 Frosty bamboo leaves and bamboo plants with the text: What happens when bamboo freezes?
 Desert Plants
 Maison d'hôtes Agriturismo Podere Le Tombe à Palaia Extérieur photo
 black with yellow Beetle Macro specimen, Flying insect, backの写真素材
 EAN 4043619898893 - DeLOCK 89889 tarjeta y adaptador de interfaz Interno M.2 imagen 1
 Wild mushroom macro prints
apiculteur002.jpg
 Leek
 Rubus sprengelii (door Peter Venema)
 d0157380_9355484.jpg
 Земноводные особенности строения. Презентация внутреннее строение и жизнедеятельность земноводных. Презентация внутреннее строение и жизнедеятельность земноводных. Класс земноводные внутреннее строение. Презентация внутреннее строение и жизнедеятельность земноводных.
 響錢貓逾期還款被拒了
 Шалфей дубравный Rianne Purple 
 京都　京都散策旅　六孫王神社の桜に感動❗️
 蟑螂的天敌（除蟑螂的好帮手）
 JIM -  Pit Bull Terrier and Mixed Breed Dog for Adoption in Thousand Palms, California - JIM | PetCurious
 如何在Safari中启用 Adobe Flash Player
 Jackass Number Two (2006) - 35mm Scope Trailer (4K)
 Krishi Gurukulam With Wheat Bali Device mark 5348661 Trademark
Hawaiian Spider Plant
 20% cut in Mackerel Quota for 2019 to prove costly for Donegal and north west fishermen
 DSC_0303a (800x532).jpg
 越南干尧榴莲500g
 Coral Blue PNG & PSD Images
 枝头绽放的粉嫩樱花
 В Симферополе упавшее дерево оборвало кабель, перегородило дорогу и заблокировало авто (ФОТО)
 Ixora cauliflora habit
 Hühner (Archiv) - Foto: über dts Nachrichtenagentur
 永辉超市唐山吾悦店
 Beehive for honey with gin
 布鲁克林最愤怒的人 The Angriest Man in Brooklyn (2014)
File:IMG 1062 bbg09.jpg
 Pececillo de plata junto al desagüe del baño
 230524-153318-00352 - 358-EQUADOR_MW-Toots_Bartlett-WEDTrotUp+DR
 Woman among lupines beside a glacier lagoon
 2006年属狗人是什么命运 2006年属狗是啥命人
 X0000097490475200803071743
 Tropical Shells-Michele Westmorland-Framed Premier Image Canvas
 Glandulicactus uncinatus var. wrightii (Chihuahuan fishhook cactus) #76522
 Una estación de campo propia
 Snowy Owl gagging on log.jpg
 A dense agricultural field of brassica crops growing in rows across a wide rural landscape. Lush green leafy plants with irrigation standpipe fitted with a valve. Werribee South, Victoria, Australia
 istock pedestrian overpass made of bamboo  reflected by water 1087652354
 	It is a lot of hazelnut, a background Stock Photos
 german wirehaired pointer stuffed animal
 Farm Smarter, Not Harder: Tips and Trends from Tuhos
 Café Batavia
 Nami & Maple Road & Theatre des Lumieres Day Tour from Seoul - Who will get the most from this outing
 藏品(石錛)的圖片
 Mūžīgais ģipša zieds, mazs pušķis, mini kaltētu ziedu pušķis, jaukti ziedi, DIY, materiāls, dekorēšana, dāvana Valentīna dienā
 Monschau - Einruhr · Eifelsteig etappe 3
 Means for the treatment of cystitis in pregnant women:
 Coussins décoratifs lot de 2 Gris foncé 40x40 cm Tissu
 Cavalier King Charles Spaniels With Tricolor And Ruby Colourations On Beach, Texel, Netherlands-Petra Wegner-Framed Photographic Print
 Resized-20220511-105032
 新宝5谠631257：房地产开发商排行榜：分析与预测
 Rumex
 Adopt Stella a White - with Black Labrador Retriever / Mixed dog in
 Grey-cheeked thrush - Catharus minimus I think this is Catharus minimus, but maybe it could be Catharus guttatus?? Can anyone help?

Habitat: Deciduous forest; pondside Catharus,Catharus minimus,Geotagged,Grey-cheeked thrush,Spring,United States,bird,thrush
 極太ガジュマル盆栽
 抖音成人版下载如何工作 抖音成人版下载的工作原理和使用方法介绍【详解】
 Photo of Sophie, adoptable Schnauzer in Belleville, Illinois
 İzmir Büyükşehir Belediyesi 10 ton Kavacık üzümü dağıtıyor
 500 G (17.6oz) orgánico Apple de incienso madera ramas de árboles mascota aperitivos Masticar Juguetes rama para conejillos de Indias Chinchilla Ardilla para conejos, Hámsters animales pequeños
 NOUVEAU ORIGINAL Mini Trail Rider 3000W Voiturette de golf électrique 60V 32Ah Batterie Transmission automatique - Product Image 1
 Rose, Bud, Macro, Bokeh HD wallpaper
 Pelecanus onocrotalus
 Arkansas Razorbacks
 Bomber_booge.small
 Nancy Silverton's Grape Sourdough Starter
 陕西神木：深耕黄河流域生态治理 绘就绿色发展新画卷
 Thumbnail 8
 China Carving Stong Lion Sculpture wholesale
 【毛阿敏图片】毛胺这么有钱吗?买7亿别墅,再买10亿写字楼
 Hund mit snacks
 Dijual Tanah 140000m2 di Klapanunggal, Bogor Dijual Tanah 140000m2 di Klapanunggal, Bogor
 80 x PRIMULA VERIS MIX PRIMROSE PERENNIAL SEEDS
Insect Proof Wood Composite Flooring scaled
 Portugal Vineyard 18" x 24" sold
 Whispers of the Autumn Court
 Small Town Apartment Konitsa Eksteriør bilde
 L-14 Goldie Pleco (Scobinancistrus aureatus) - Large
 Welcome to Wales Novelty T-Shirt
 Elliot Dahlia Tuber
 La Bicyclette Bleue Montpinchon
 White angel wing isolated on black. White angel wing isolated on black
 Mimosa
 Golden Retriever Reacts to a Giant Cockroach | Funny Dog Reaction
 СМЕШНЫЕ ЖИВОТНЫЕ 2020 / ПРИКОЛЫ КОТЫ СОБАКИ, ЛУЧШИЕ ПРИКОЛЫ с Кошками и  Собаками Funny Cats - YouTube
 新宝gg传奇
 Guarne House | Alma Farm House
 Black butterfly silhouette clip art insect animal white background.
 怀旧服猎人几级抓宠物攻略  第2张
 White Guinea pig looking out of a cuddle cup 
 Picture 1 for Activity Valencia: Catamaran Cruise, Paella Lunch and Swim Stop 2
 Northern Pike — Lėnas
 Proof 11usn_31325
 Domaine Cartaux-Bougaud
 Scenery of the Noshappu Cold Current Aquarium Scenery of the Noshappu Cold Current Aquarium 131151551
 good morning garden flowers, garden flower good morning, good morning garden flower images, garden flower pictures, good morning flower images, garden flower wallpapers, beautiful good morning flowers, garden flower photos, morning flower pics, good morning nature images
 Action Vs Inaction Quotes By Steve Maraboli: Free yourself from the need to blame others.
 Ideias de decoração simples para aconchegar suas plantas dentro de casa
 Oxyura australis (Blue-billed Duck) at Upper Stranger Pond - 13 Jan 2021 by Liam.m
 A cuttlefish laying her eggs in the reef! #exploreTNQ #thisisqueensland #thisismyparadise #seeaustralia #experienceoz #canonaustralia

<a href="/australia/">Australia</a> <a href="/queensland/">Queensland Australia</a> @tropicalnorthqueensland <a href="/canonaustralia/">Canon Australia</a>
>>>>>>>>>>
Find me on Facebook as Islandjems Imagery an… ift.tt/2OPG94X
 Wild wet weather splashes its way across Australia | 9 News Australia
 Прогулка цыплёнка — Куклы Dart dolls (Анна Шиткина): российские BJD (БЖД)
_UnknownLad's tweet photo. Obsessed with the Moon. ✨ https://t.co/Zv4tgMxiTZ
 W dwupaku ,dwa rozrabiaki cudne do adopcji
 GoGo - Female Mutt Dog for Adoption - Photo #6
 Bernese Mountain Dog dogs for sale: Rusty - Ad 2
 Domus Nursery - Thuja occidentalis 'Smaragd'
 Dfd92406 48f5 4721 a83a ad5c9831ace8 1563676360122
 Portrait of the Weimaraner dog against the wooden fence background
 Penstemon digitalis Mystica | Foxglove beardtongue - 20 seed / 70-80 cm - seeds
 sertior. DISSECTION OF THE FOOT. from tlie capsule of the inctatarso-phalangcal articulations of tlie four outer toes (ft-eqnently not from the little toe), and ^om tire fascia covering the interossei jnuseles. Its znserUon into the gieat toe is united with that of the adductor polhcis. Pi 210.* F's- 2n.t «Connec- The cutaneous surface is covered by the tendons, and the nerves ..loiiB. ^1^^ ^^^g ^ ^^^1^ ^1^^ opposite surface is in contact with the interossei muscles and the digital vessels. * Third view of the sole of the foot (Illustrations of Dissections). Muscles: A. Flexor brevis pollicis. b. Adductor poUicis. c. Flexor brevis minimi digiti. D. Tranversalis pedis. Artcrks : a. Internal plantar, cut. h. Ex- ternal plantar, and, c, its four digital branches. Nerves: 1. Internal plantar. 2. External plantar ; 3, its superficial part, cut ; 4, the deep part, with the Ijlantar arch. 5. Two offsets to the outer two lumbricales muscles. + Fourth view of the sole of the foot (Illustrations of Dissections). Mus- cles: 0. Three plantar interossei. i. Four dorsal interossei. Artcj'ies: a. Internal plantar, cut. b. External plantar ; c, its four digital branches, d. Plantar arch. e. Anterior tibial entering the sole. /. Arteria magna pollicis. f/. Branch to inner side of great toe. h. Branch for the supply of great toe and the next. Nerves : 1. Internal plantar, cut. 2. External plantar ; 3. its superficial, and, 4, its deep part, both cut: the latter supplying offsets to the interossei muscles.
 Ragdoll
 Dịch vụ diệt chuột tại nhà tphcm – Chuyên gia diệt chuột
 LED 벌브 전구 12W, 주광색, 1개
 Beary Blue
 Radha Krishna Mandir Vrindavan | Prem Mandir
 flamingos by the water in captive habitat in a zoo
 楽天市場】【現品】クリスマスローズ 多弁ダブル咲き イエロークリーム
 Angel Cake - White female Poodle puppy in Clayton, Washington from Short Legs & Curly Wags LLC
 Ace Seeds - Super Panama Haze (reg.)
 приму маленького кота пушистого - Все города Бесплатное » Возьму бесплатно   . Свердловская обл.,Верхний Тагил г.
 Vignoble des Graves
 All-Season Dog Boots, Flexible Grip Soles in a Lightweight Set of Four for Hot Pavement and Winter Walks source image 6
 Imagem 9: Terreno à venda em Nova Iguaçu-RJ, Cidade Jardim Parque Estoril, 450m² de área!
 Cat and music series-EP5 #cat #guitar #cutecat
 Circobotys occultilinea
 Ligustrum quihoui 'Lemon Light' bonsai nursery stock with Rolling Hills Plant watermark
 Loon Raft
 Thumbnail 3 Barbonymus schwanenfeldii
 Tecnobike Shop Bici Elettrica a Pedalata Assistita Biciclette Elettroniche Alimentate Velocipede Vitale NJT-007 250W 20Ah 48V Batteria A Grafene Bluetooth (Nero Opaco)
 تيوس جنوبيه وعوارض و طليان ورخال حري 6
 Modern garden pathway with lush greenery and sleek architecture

^^^^^^^^

#### [Brief]
Lines from the start of the material above through the line containing "230524-153318-00352 - 358-EQUADOR_MW-Toots_Bartlett-WEDTrotUp+DR" are to be duplicated exactly, and only those.

#### [Task result]
 Frosty bamboo leaves and bamboo plants with the text: What happens when bamboo freezes?
 Desert Plants
 Maison d'hôtes Agriturismo Podere Le Tombe à Palaia Extérieur photo
 black with yellow Beetle Macro specimen, Flying insect, backの写真素材
 EAN 4043619898893 - DeLOCK 89889 tarjeta y adaptador de interfaz Interno M.2 imagen 1
 Wild mushroom macro prints
apiculteur002.jpg
 Leek
 Rubus sprengelii (door Peter Venema)
 d0157380_9355484.jpg
 Земноводные особенности строения. Презентация внутреннее строение и жизнедеятельность земноводных. Презентация внутреннее строение и жизнедеятельность земноводных. Класс земноводные внутреннее строение. Презентация внутреннее строение и жизнедеятельность земноводных.
 響錢貓逾期還款被拒了
 Шалфей дубравный Rianne Purple 
 京都　京都散策旅　六孫王神社の桜に感動❗️
 蟑螂的天敌（除蟑螂的好帮手）
 JIM -  Pit Bull Terrier and Mixed Breed Dog for Adoption in Thousand Palms, California - JIM | PetCurious
 如何在Safari中启用 Adobe Flash Player
 Jackass Number Two (2006) - 35mm Scope Trailer (4K)
 Krishi Gurukulam With Wheat Bali Device mark 5348661 Trademark
Hawaiian Spider Plant
 20% cut in Mackerel Quota for 2019 to prove costly for Donegal and north west fishermen
 DSC_0303a (800x532).jpg
 越南干尧榴莲500g
 Coral Blue PNG & PSD Images
 枝头绽放的粉嫩樱花
 В Симферополе упавшее дерево оборвало кабель, перегородило дорогу и заблокировало авто (ФОТО)
 Ixora cauliflora habit
 Hühner (Archiv) - Foto: über dts Nachrichtenagentur
 永辉超市唐山吾悦店
 Beehive for honey with gin
 布鲁克林最愤怒的人 The Angriest Man in Brooklyn (2014)
File:IMG 1062 bbg09.jpg
 Pececillo de plata junto al desagüe del baño
 230524-153318-00352 - 358-EQUADOR_MW-Toots_Bartlett-WEDTrotUp+DR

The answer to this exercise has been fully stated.